O acordo, que enquadra a presença militar americana no Iraque a partir de Janeiro do próximo ano, deveria ser votado esta tarde na Assembleia Nacional, mas à última hora o presidente do Parlamento, anunciou que o adiamento da sessão para amanhã, revelando que havia uma questão ainda em aberto, após horas de negociações entre as várias bancadas. “O clima geral evoluiu para um acordo e os dirigentes políticos resolveram todos os pontos em discussão. Resta um único ponto que tem de ser negociado e é por isso que adiámos a sessão para amanhã”, anunciou Mahmud al-Mashhadani.
Pouco depois, em declarações à televisão al-Arabiya, o conselheiro para a Segurança Nacional do Governo iraquiano anunciou que o pacto, negociado durante mais de um ano entre Bagdad e Washington, vai ser referendado.
“Não é apenas o Parlamento que deve pronunciar-se sobre este acordo, mas também o povo iraquiano”, adiantou Muffak al-Rubai, acrescentando que a consulta deverá ocorrer a 30 de Julho, ou seja, meio ano depois da sua entrada em vigor. Rubai sublinha que, desta forma, a população “pode julgar de forma bem fundada” a aplicação do documento.
A maioria xiita e os seus aliados curdos têm votos suficientes para ratificar o pacto de segurança no Parlamento, onde detêm grande parte dos 275 lugares, mas o apoio das formações sunitas é essencial para o “consenso nacional” desejado pelo Governo em torno deste assunto.

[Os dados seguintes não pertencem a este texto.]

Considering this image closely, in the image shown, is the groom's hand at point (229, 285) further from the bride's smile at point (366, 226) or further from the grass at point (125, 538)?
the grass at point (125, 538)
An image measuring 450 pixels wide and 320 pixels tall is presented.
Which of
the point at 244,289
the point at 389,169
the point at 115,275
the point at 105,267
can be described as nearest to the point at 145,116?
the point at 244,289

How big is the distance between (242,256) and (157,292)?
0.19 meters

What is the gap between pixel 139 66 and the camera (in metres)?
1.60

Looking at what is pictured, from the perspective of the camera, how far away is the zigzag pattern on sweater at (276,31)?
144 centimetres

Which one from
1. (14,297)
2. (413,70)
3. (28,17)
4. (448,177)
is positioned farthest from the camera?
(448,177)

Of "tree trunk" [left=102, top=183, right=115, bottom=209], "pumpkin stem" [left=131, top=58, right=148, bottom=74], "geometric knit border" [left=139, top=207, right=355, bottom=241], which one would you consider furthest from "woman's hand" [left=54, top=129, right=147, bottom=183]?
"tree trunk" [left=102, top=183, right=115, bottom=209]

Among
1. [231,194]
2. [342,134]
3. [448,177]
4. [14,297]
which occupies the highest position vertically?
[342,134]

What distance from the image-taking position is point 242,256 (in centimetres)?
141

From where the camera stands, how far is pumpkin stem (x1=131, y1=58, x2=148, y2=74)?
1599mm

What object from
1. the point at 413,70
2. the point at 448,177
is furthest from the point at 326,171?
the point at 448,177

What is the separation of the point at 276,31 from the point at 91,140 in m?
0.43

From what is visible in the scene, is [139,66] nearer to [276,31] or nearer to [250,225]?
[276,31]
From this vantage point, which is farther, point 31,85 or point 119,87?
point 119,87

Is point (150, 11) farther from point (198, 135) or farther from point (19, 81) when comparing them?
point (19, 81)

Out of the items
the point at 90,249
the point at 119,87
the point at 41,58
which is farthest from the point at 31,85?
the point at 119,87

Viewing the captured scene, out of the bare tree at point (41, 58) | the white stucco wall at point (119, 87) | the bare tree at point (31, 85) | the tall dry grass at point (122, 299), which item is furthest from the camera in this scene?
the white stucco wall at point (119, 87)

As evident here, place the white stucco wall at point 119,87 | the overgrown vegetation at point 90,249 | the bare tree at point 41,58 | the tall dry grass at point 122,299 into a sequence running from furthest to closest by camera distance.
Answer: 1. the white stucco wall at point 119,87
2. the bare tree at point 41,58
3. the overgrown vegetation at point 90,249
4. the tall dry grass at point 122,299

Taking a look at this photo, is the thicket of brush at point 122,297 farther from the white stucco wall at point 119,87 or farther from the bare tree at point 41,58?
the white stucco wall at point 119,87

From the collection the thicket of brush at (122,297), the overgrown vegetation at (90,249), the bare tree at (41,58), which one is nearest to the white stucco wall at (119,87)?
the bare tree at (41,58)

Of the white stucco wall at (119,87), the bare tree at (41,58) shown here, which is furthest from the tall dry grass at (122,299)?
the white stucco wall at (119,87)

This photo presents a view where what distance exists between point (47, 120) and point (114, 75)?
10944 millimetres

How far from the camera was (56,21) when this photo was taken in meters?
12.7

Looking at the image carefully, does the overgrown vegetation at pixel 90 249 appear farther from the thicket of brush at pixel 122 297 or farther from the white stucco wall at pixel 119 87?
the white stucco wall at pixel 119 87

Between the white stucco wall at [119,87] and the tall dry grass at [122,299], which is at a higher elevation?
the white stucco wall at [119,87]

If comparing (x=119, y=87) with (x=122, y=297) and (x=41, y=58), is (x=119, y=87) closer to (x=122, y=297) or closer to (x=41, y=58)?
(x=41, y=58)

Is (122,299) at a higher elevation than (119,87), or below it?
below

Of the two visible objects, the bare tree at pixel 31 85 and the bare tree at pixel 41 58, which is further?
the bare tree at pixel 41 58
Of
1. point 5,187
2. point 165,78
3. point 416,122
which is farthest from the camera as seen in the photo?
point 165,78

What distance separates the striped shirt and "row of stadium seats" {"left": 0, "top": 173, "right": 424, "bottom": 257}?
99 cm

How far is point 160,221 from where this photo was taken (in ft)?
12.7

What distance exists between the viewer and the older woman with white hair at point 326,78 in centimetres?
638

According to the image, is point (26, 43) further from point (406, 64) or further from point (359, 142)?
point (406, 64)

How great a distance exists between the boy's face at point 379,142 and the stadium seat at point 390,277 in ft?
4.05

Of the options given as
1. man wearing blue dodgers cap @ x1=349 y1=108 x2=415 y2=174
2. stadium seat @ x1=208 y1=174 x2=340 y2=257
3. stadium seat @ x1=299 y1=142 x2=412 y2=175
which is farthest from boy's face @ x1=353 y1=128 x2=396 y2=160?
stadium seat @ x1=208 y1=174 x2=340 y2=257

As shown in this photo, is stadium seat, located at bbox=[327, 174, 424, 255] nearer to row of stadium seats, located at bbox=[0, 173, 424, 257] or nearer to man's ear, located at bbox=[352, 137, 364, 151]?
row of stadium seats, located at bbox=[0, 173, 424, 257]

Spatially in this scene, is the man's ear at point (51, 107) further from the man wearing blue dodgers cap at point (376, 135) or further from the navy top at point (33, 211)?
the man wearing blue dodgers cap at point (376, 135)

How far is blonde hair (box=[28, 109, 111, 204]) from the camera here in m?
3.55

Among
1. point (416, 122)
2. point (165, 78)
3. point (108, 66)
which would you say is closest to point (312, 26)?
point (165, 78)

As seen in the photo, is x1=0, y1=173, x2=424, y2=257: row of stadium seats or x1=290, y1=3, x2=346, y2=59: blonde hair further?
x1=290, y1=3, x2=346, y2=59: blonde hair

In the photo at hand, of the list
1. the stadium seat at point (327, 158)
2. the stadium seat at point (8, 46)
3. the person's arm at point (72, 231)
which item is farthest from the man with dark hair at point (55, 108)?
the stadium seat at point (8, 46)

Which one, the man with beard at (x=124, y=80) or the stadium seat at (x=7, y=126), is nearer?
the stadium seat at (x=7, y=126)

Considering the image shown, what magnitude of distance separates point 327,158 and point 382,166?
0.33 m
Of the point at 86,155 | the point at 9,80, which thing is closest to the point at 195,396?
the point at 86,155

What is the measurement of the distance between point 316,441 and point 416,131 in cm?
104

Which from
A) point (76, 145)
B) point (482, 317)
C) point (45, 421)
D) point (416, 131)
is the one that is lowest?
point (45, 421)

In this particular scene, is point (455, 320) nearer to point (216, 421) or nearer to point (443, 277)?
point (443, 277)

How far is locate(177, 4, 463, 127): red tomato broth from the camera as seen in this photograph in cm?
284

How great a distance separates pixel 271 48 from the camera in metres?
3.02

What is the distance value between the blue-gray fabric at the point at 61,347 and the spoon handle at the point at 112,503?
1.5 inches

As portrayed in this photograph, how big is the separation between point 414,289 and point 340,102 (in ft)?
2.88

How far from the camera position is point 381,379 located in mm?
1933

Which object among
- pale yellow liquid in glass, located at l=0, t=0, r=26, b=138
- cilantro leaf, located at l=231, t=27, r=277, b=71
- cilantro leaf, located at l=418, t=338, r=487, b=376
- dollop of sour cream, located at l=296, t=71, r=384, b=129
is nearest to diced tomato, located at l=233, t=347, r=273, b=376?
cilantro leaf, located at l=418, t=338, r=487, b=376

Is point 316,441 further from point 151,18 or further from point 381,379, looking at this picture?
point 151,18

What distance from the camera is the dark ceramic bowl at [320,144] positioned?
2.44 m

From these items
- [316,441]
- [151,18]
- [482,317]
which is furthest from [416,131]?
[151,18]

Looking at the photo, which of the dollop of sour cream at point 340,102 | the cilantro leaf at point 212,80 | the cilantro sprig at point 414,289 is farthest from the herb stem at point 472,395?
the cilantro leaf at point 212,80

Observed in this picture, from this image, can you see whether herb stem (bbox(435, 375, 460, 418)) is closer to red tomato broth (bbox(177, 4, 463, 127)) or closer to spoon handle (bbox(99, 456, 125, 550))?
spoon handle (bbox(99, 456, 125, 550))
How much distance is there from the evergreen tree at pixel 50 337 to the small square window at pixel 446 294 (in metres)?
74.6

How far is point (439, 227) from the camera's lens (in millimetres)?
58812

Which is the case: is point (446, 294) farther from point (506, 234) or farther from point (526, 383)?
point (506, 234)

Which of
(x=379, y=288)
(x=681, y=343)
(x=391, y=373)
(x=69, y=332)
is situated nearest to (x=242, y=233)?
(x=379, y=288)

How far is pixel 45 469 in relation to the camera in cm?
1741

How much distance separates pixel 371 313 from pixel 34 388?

Além do referendo, os dois principais blocos sunitas – a Frente da Concórdia Nacional e o Diálogo Nacional Iraquiano – colocaram outras condições para aprovar o documento, incluindo uma amnistia para dirigentes do regime de Saddam Hussein não envolvidos em crimes de sangue e garantias de representação das minorias nas estruturas de poder, agora dominadas pelos xiitas.
Em declarações à AFP, Reza Jawad Taki, deputado da Aliança Unida Iraquiana, a coligação xiita no poder, defendeu que, “caso [o acordo] seja rejeitado pelo povo iraquiano, o Governo deverá anulá-lo ou renegociá-lo”, o que poderia implicar um novo calendário para a retirada das tropas americanas.
No entanto, o analista político iraquiano Kadhim al-Miqdad considera este cenário pouco provável, dada a elevada popularidade do primeiro-ministro, Nouri al-Maliki, a quem são creditados os louros pela redução da violência sectária no país e o elevado alinhamento político dos xiitas com os seus dirigentes.